= Data in this exercise =
== == ==

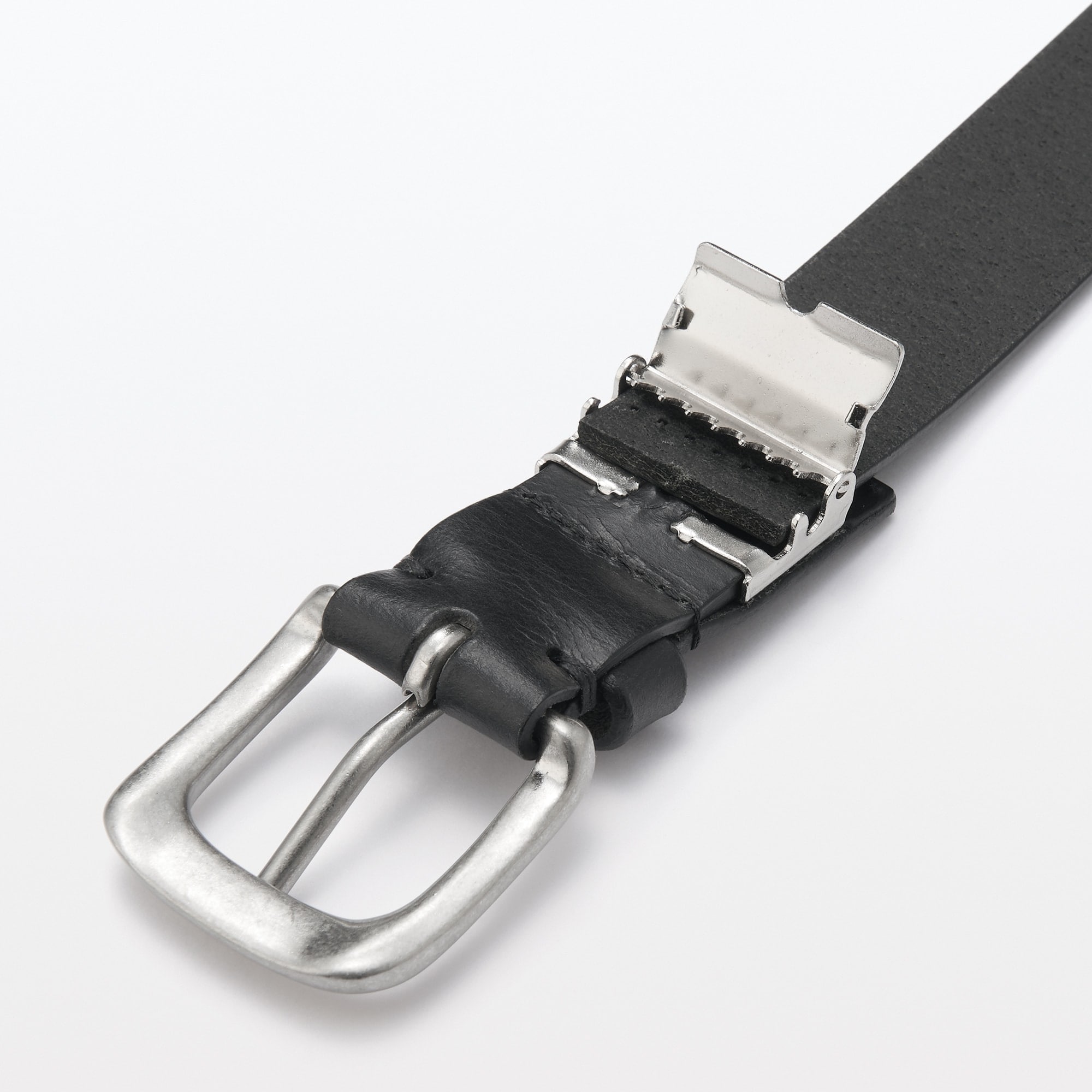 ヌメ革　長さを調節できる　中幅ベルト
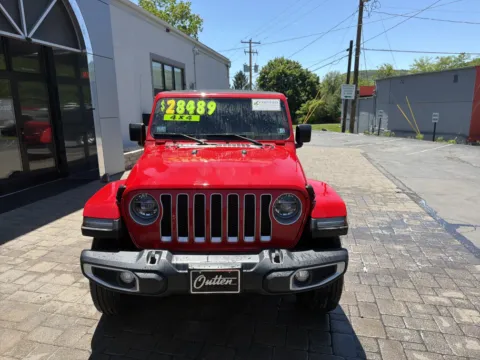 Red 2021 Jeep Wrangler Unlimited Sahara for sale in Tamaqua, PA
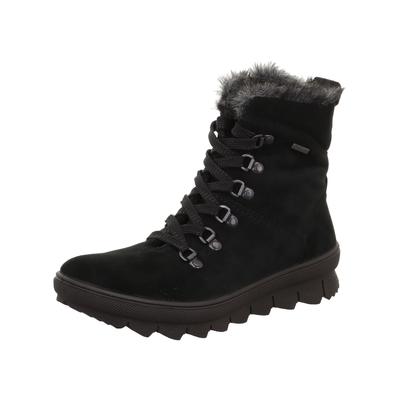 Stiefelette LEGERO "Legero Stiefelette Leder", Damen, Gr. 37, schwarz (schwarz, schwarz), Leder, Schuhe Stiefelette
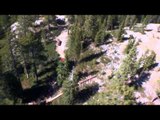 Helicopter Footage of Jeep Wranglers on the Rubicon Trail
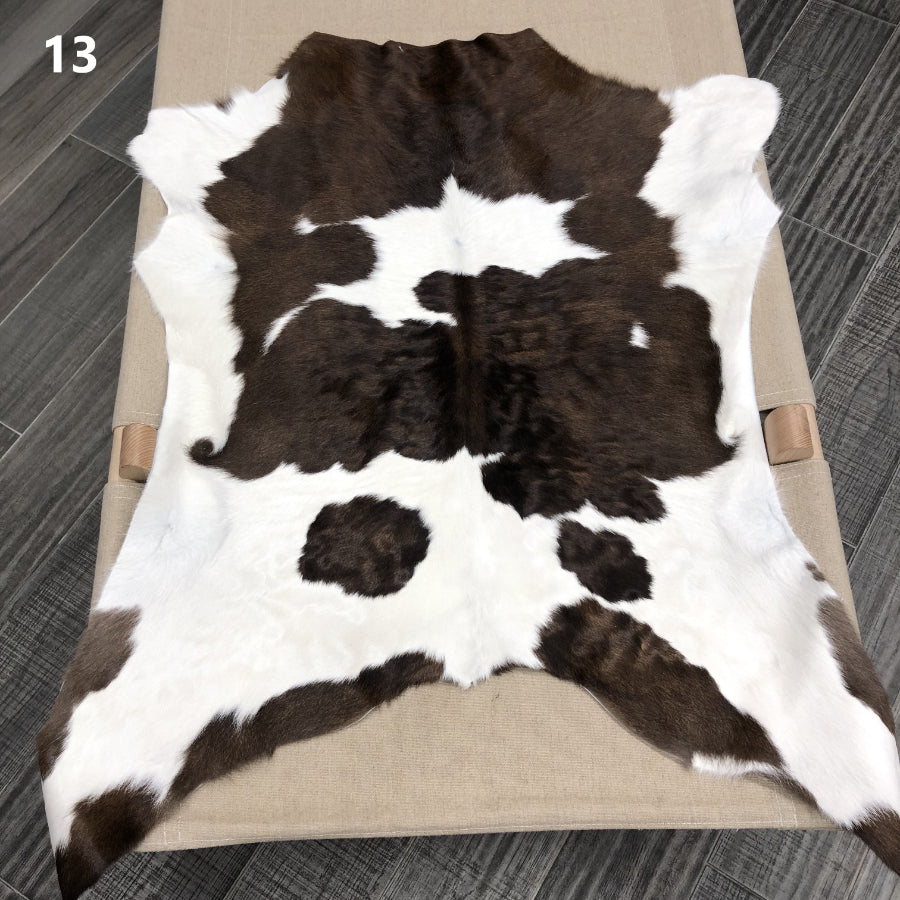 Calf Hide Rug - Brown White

== == ==

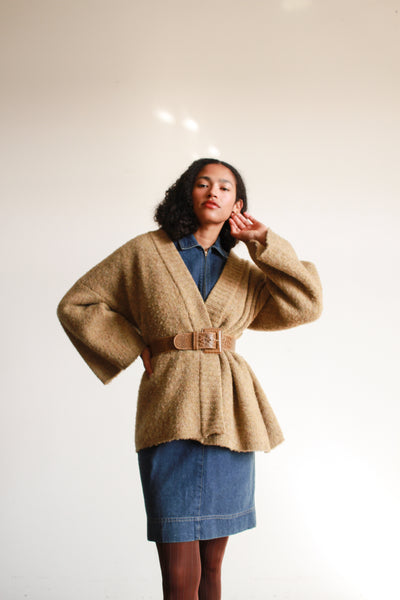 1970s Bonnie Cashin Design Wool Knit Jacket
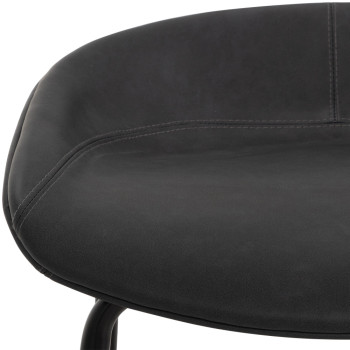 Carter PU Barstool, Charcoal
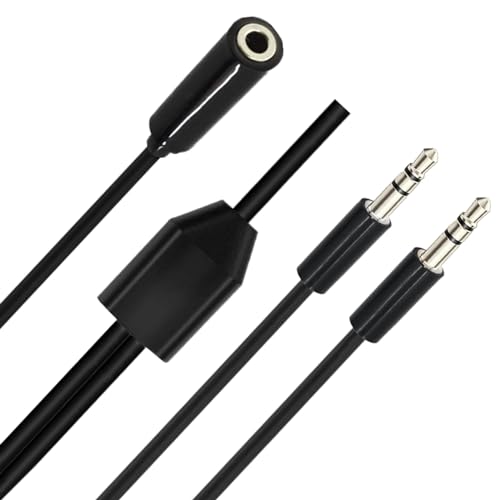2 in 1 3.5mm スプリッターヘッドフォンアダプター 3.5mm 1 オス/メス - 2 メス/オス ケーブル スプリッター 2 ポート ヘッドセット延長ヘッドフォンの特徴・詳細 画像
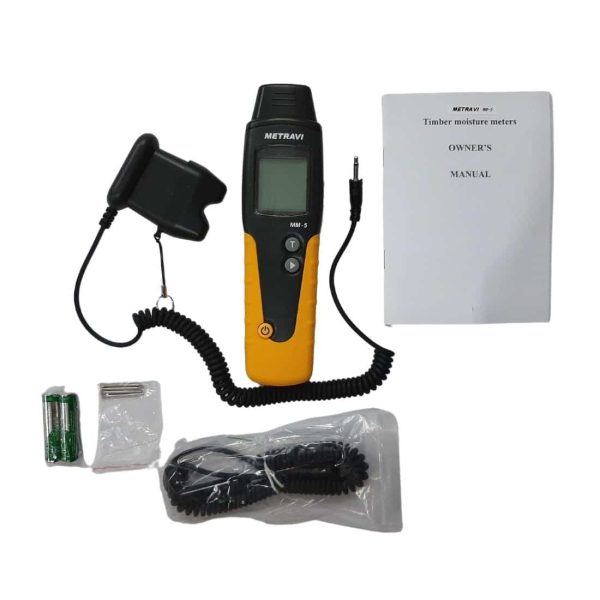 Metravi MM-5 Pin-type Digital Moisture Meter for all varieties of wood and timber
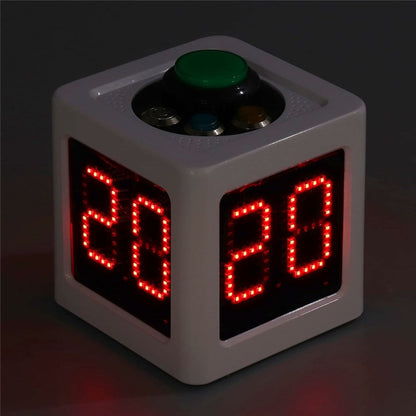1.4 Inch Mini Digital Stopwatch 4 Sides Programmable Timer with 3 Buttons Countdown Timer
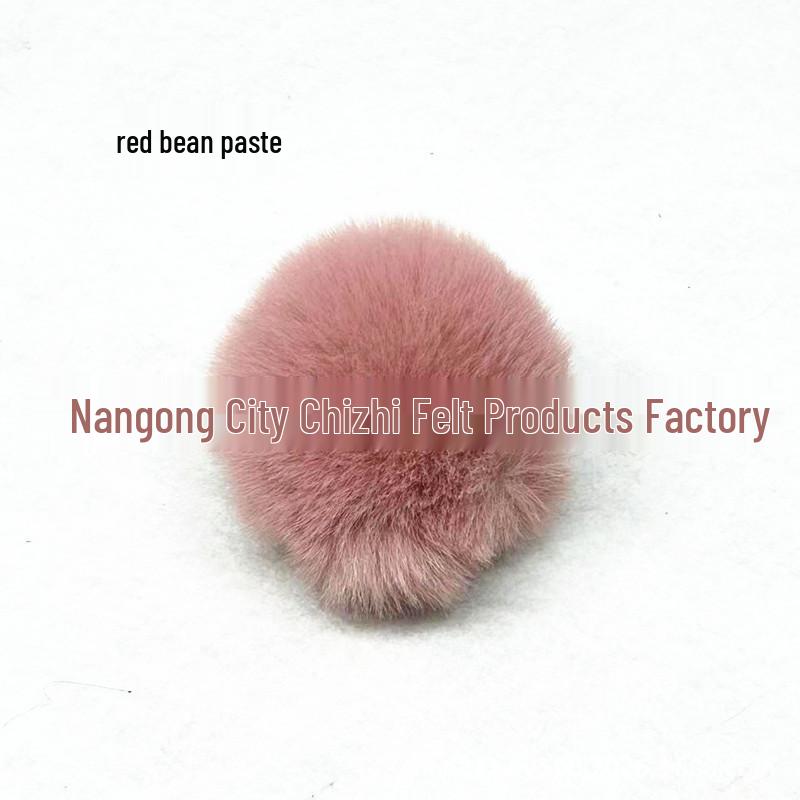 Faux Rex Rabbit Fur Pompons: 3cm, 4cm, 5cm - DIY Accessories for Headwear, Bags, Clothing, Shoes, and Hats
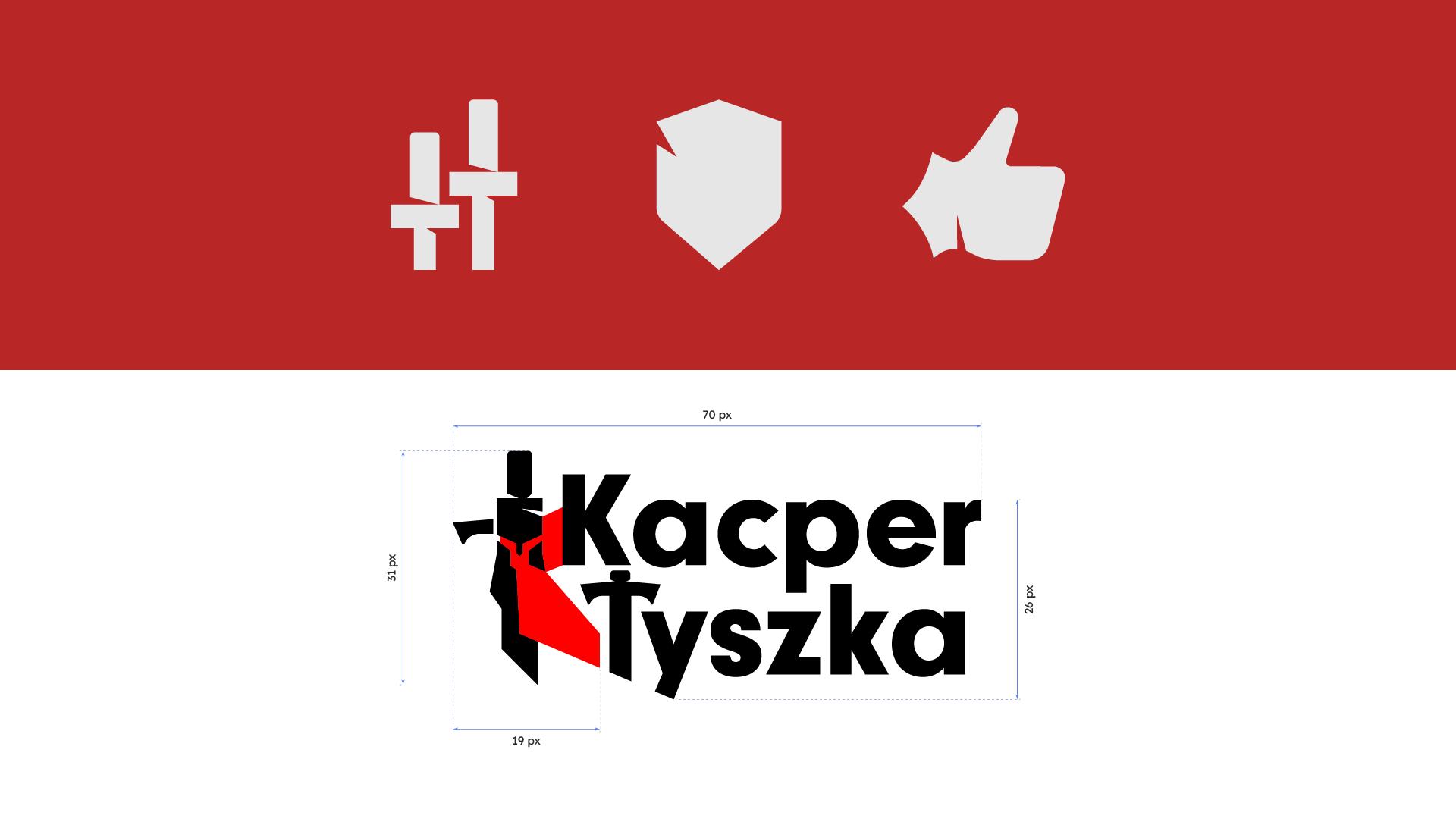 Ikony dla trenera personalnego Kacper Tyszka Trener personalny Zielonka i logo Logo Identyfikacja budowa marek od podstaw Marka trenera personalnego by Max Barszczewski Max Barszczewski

== == ==

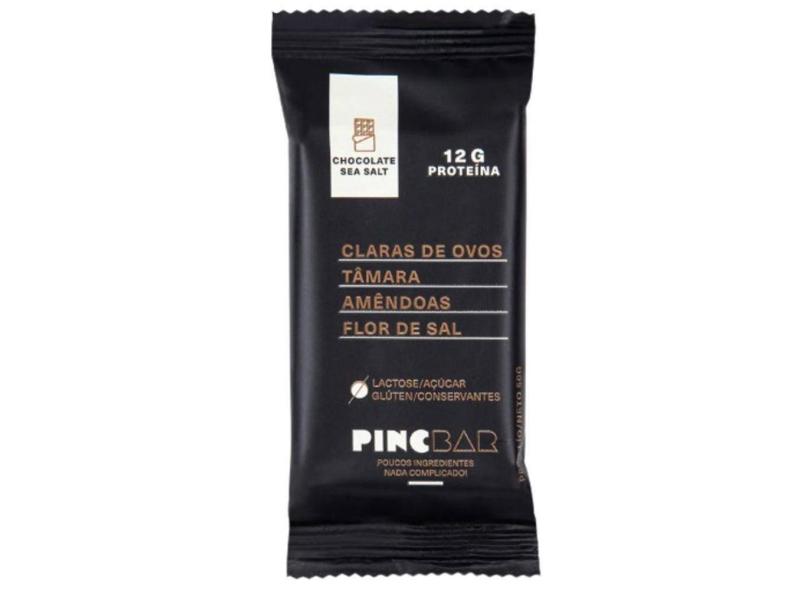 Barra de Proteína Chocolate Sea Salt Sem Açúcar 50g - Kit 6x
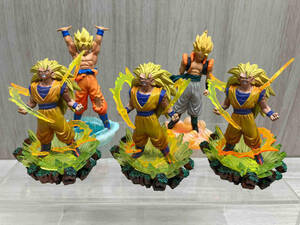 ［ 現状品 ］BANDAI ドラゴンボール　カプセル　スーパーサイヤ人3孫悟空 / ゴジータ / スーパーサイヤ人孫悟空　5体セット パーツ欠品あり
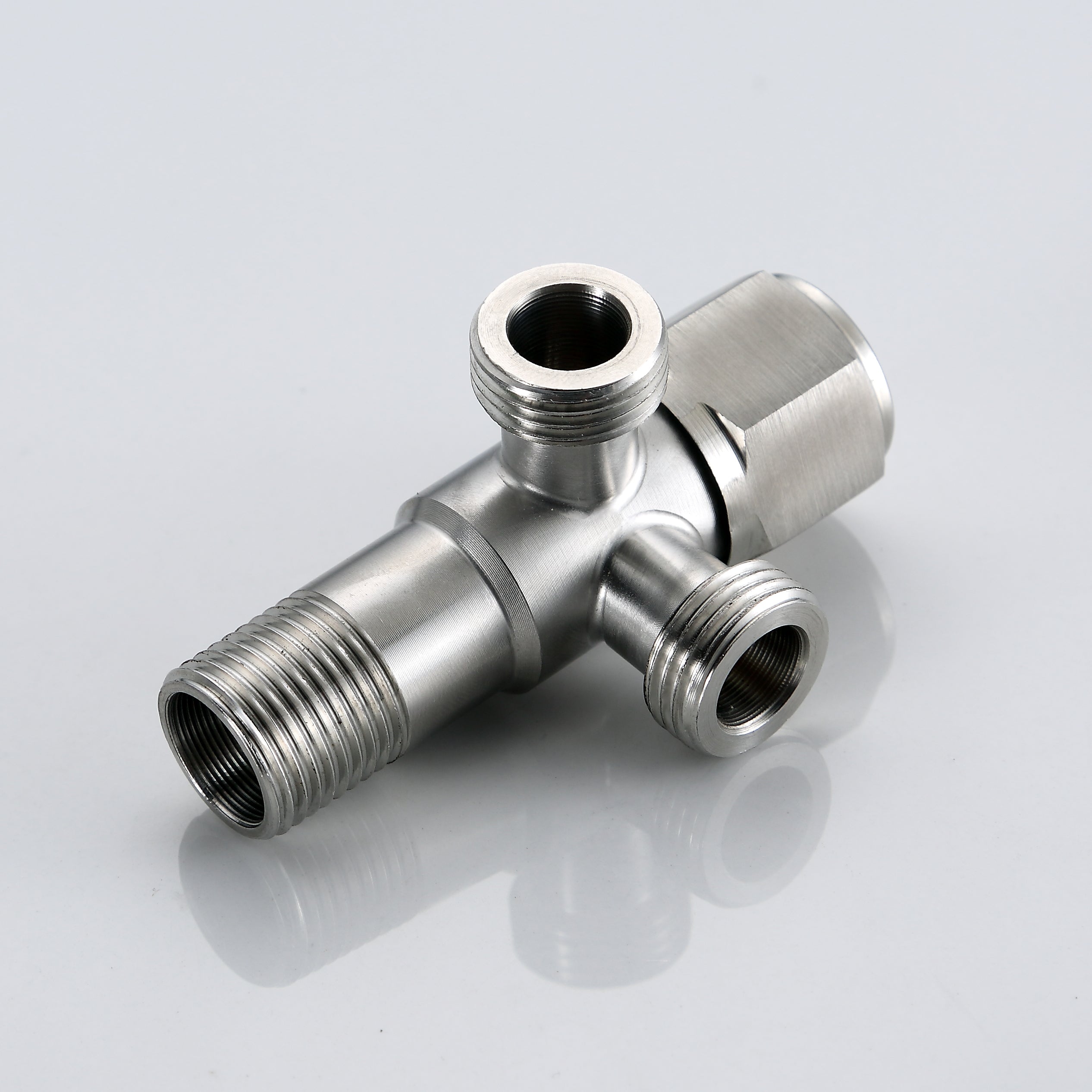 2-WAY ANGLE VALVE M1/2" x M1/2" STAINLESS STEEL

== == ==

While skipping the pictures, transcribe the data above from the line showing "ヌメ革　長さを調節できる　中幅ベルト" through the line showing "Calf Hide Rug - Brown White", exactly and with both ends.

= Written solution =
 ヌメ革　長さを調節できる　中幅ベルト
 Red 2021 Jeep Wrangler Unlimited Sahara for sale in Tamaqua, PA
 Stiefelette LEGERO "Legero Stiefelette Leder", Damen, Gr. 37, schwarz (schwarz, schwarz), Leder, Schuhe Stiefelette
 Helicopter Footage of Jeep Wranglers on the Rubicon Trail
 Calf Hide Rug - Brown White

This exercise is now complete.